● Task to complete:
Please repeat, precisely as written, only the lines from the one containing "Woven round rug (approx 5.75 inches round)" through the last line of the records below, pictures omitted.

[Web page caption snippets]
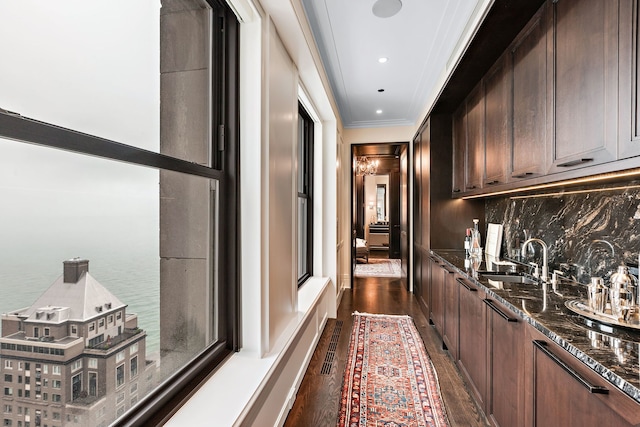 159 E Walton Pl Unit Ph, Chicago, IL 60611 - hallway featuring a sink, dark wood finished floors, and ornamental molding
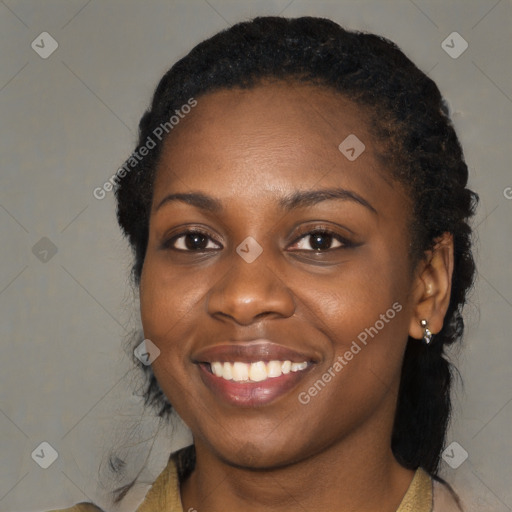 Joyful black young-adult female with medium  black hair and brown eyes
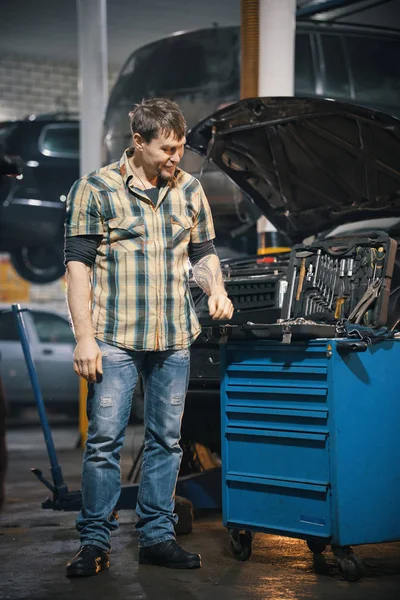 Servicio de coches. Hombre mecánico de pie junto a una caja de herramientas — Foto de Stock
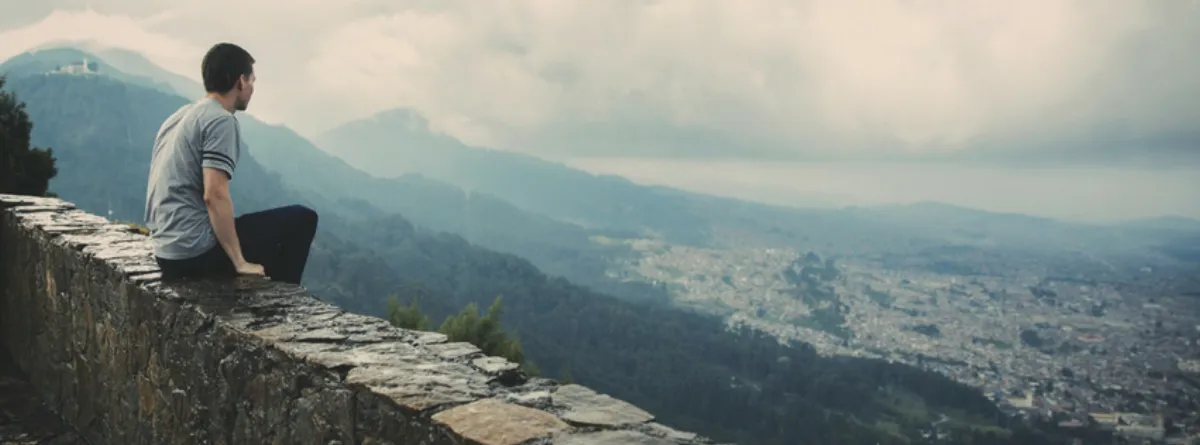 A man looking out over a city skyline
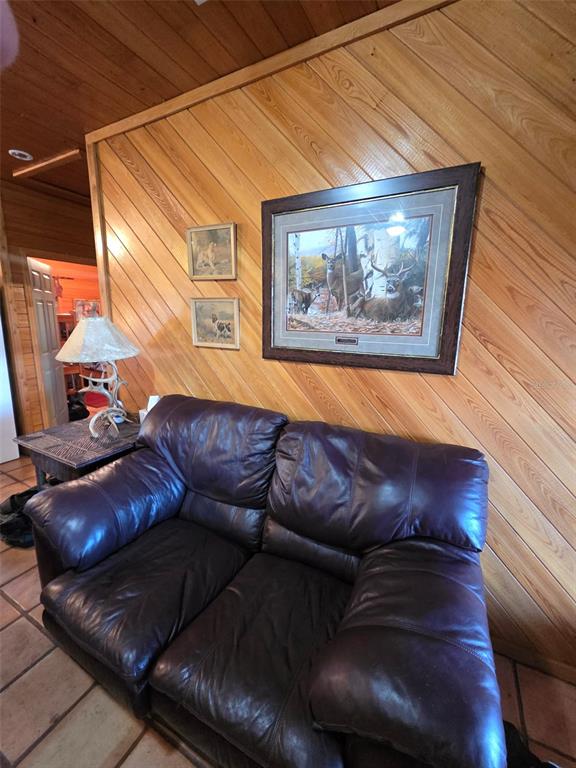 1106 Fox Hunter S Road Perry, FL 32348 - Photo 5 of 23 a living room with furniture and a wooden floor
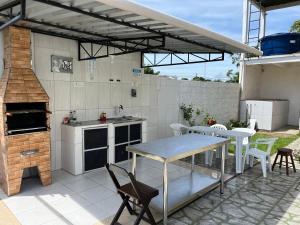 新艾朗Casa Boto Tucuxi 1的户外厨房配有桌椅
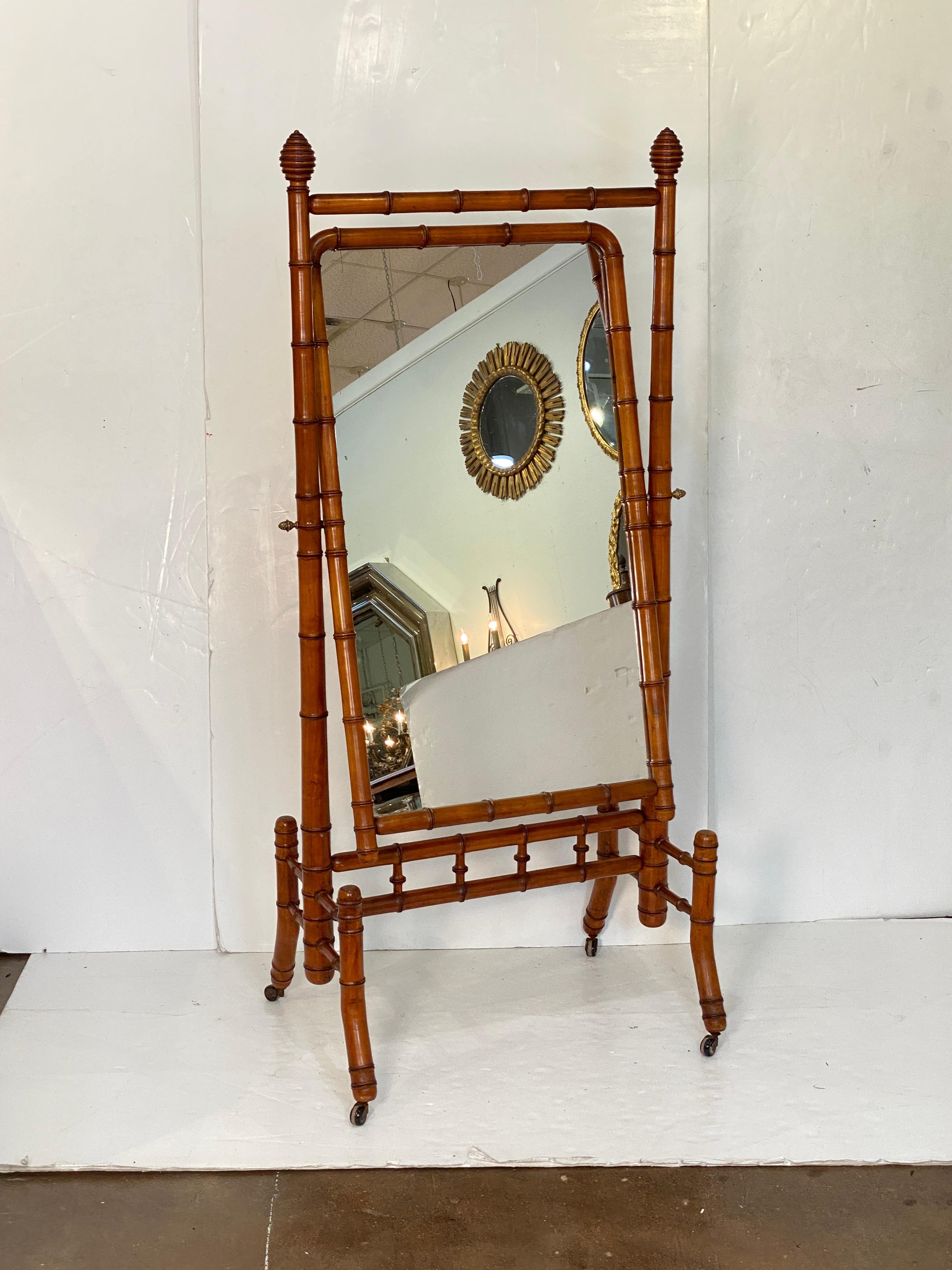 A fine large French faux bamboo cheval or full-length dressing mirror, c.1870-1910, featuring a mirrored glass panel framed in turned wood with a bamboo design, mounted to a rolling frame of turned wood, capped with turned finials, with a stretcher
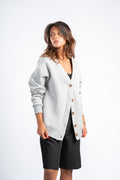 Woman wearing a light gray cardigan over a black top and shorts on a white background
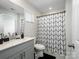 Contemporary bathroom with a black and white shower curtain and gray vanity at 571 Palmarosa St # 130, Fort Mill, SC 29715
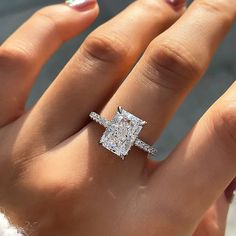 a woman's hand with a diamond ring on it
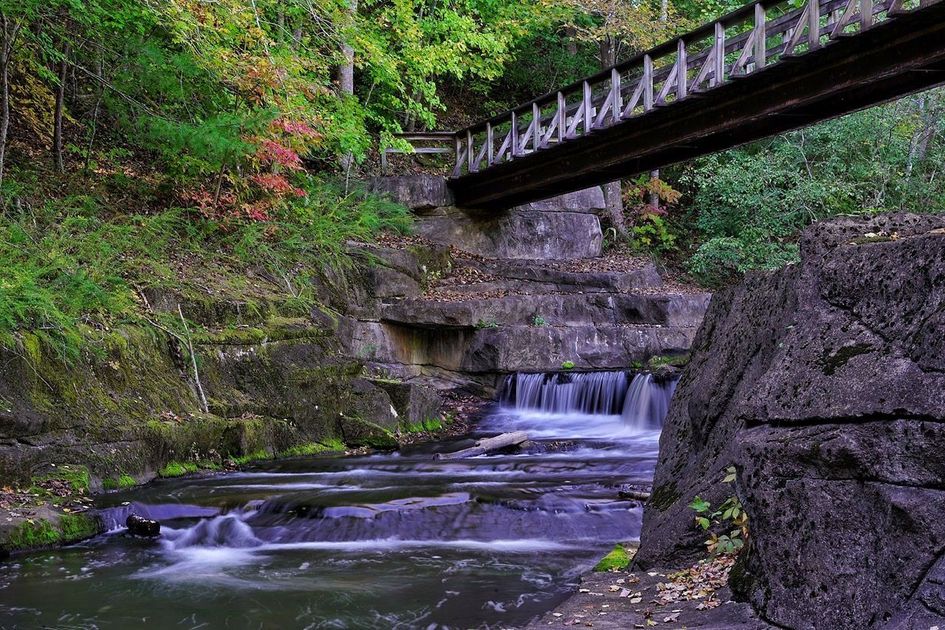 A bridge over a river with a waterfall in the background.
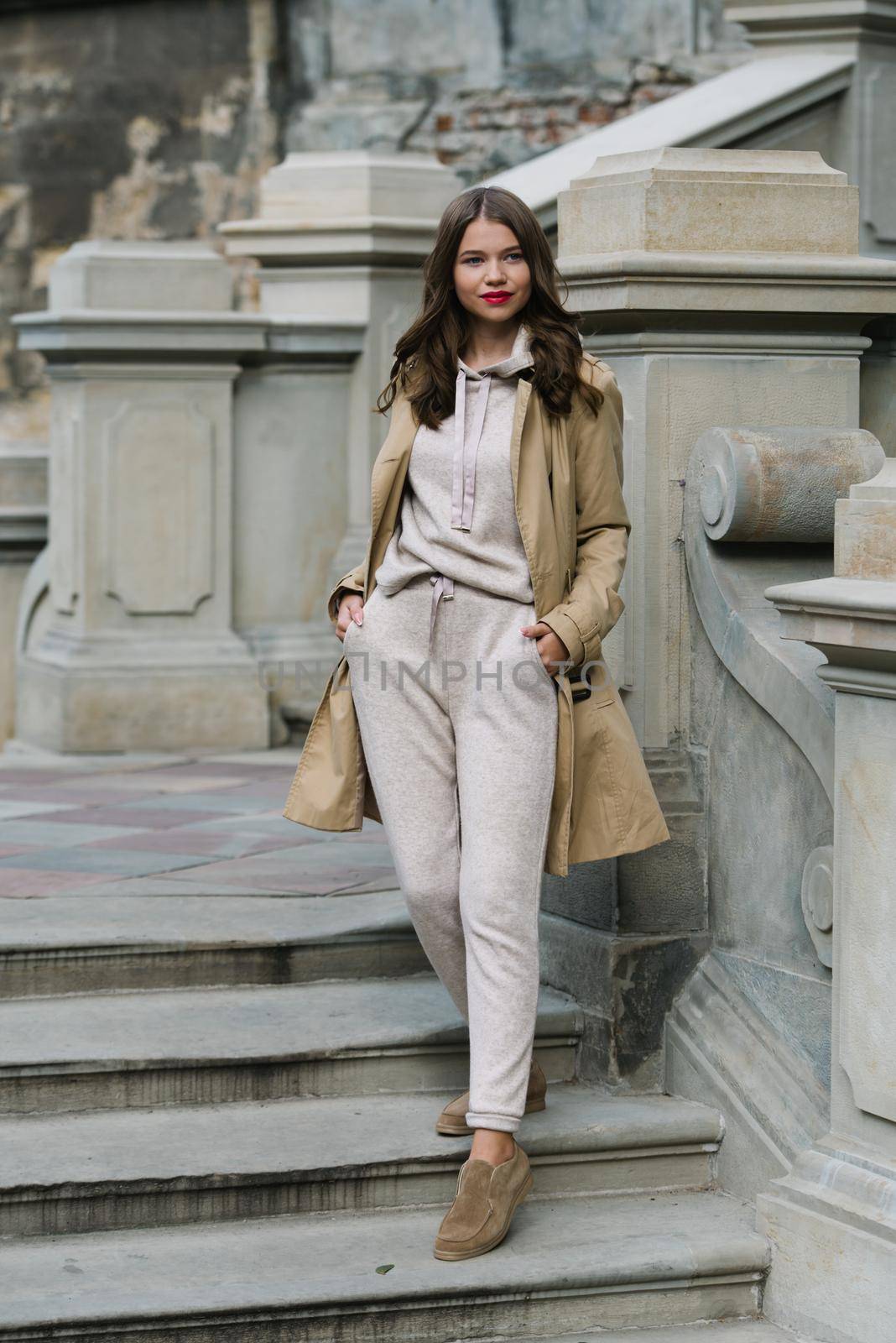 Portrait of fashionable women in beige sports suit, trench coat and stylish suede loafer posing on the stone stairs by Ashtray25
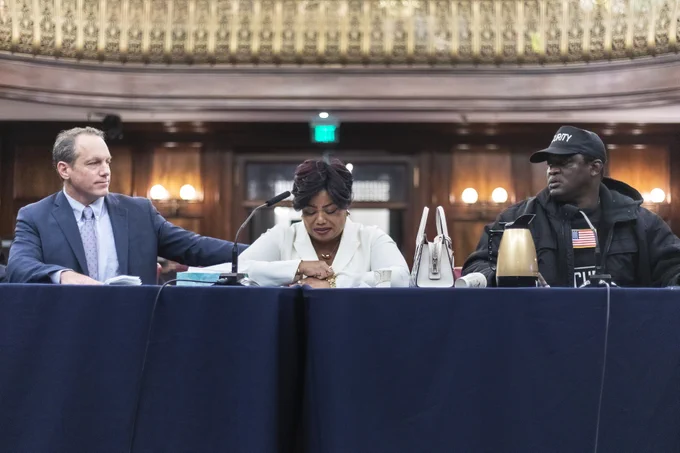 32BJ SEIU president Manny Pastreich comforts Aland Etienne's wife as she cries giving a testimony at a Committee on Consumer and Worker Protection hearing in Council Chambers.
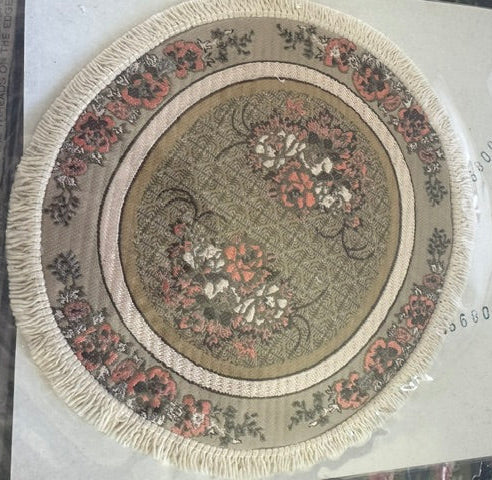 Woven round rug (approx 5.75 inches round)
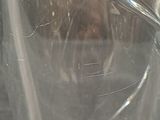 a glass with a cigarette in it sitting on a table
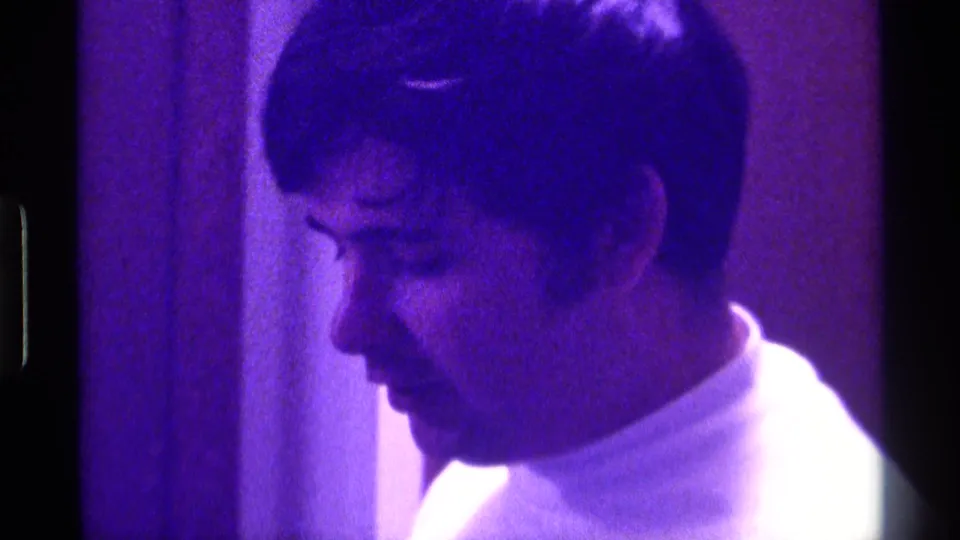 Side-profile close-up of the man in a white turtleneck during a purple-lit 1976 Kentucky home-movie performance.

● Exercise answer:
 Woven round rug (approx 5.75 inches round)
 a glass with a cigarette in it sitting on a table
 Side-profile close-up of the man in a white turtleneck during a purple-lit 1976 Kentucky home-movie performance.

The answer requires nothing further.